Arnold Porter vs. Cirod Inc.

Case name

Arnold Porter (Plaintiff) v/s Cirod Inc. (Defendant) [Civ. No. 28535. Second Dist., Div. Four. June 13, 1966.]

Facts  of the case

  • Plaintiff brought this action against the defendants seeking enforcement of an oral agreement to pay the plaintiff a “finder’s fee” for his services towards the defendant for introducing clients to buy the property of the defendant. 
  • The plaintiff pleaded for two causes of action in this case. In the first cause of action, the plaintiff states only the defendants who own the property for which he was the finder. In the second cause of action, all defendants are included  and relief is sought based on a common count for services rendered.
  • The defendants in this case, individually and as agents and representatives of certain properties, which they owned or leased as a chain of hotels and motels. They approached the plaintiff in the summer of 1962 and stated that they wished to dispose of the properties. 
  • They made the proposal to the plaintiff and asked him to find and introduce them a purchaser for their said properties.
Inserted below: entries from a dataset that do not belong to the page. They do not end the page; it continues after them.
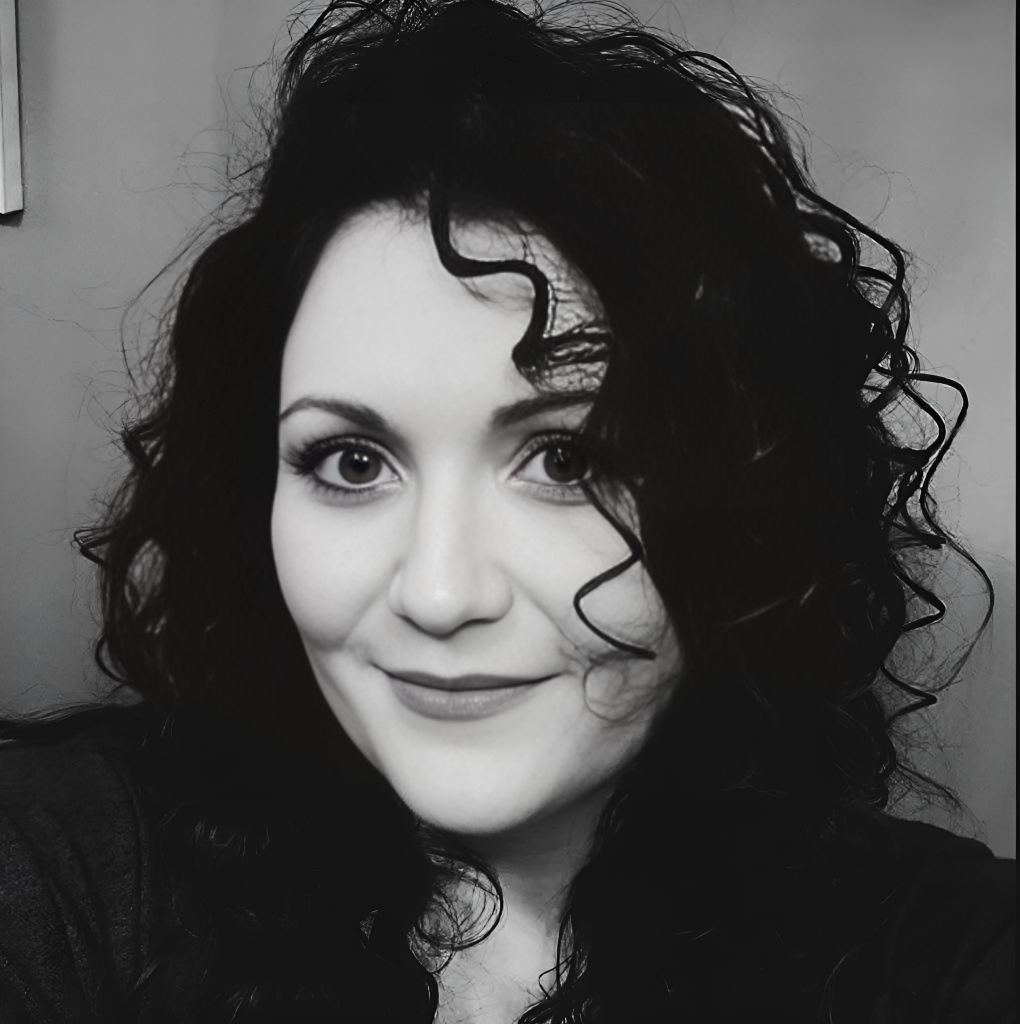 Black and white close-up photo of a woman with curly hair, smiling at the camera.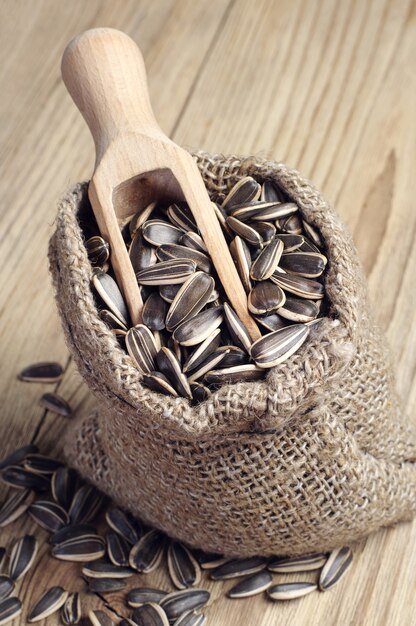 Graines de tournesol dans un sac et une cuillère sur une table en bois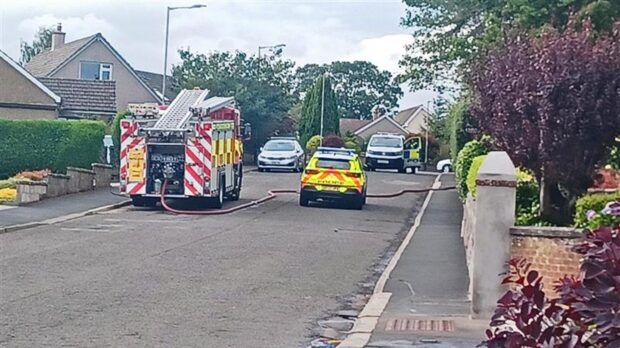Emergency services are at the scene on Kinnordy Road. Image: Lindsey Hamilton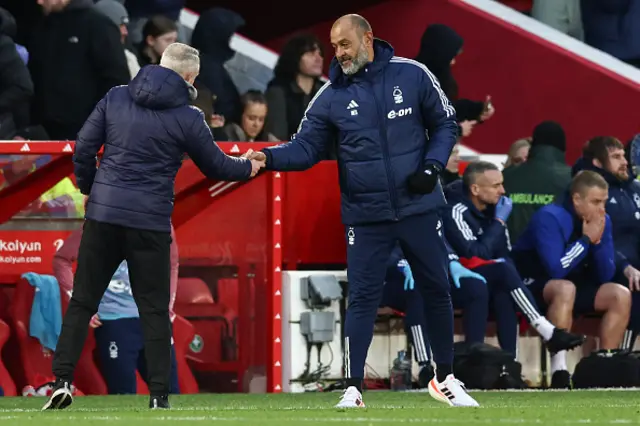 Neil Critchley shakes hands with Nottingham Forest's Portuguese manager Nuno Espirito Santo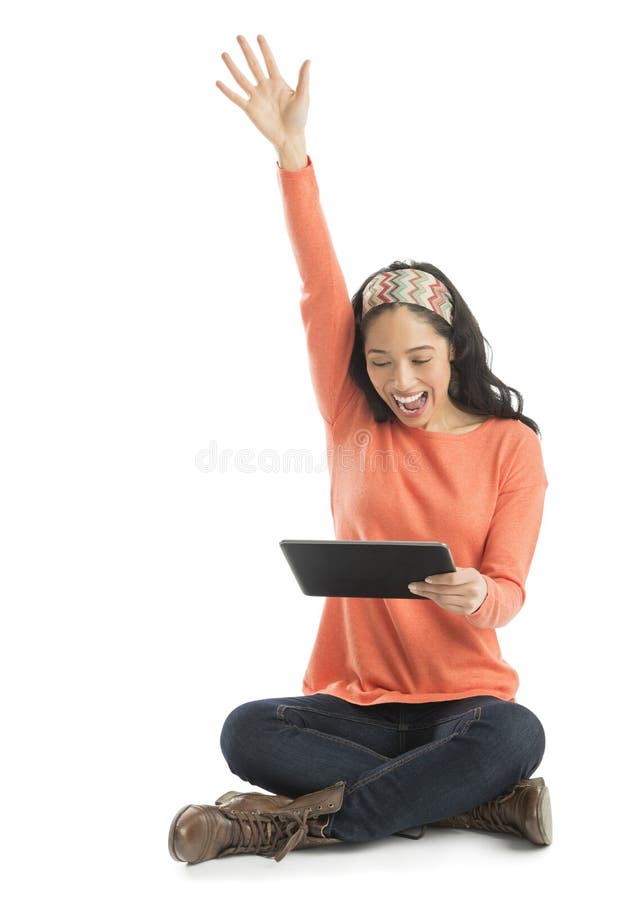 Excited young woman looking at digital tablet while sitting against white background. Excited young woman looking at digital tablet while sitting against white background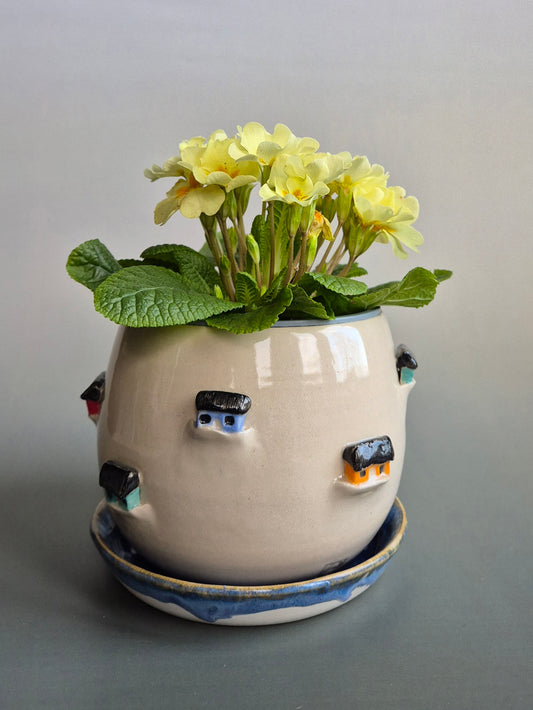 Ceramic planter decorated with colourful tiny houses, with a plant inside. On a blue saucer with a plain background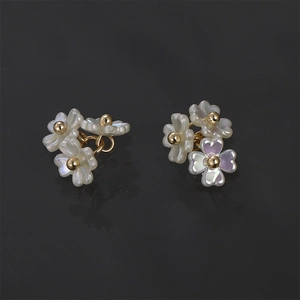 Exquisite pearl luster flower cluster stud earrings with gold plating on black background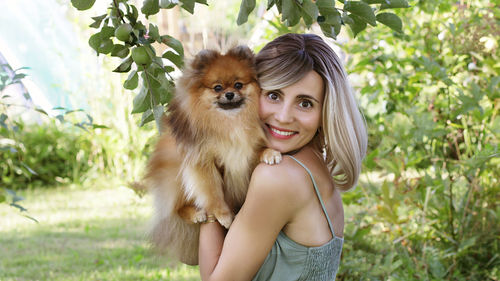 Portrait of woman with dog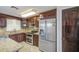 Spacious kitchen featuring granite countertops, stainless steel appliances, and ample cabinet space at 1911 N 42Nd Ave, Phoenix, AZ 85009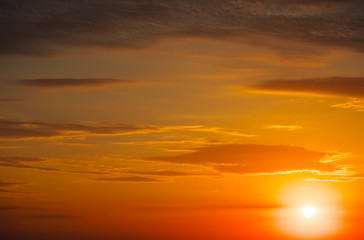 Fototapeta na wymiar Beautiful fiery orange sunset sky as background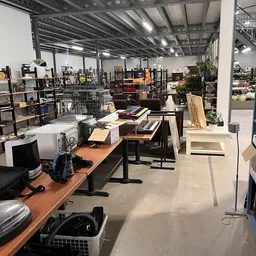 Winkelvloer met houten tafels, stellingen met diverse spullen, planten en huisraad in een kringloopwinkel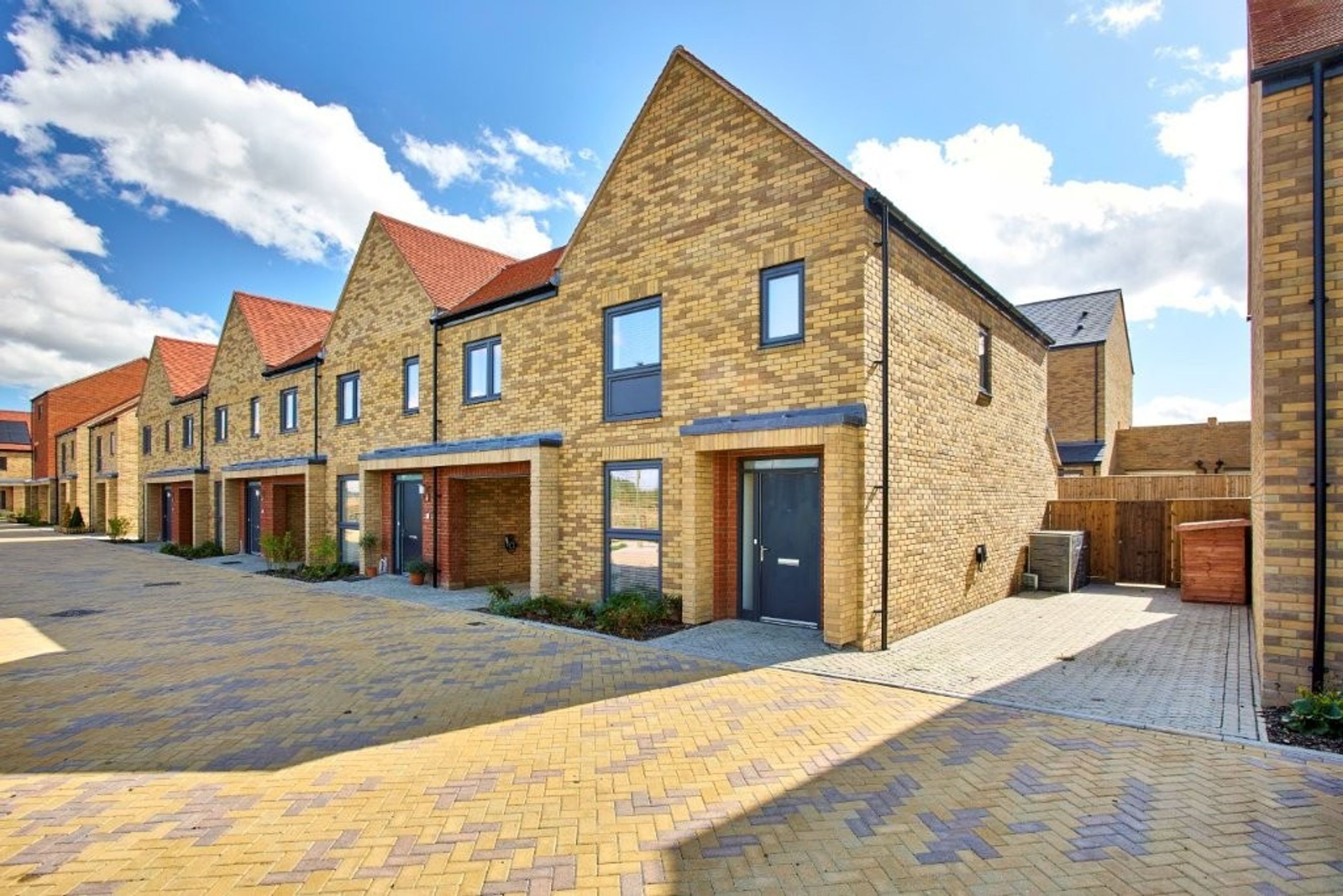 A row of modern brick townhouses with red tiled roofs and dark grey doors and windows.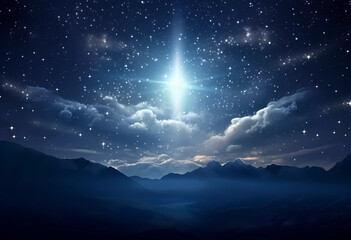 A star light shining in the sky over mountains
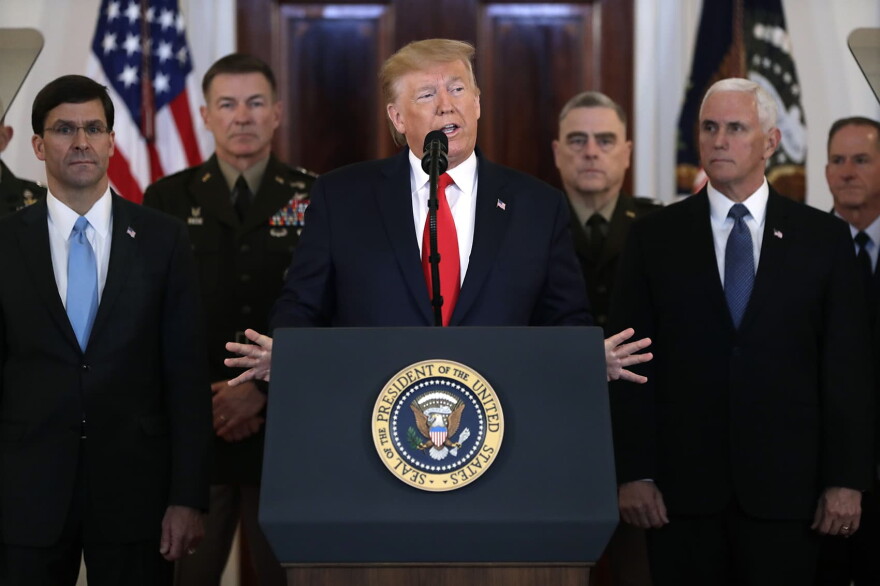 President Donald Trump addresses the nation from the White House on the ballistic missile strike that Iran launched against Iraqi air bases housing U.S. troops, Wednesday, Jan. 8, 2020, in Washington, as Vice President Mike Pence and others looks on. (Evan Vucci/AP)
They also mentioned that they will pay the plaintiff a reasonable amount for his services. 
  • In reliance upon the defendants’ promise, the plaintiff introduced Gene Autry to the defendants as a prospective purchaser. After negotiations, a contract was consummated between Autry and the defendants on May 15, 1963. However, even after the completion of the sale, the defendants failed to pay the service amount to the plaintiff. 
  • On the other side, the defendant alleged that the agreement was oral and the plaintiff was not licensed as a real estate broker or agent.

Observations and judgment by the court

The court observed that oral agreement can also prevail under such arrangements and the plea raised by the defendant regarding the license is not a valid point. Because to be a finder the individual need not be a licensed, real estate agent. Hence the appellate court reversed the directions of the trial court. 


For any business to get a potential client it is important to run the business. Sometimes the company itself propagating its services would not build trust in the customers, so rather than interacting with customers directly, getting referred by the finder is an alternative to attract new customers. Therefore,  having a standard finder’s fee agreement will be quite beneficial to the companies when they want to invite customers indirectly. Including the above-mentioned clauses will definitely be helpful for both parties and that will also reduce the probability of disputes.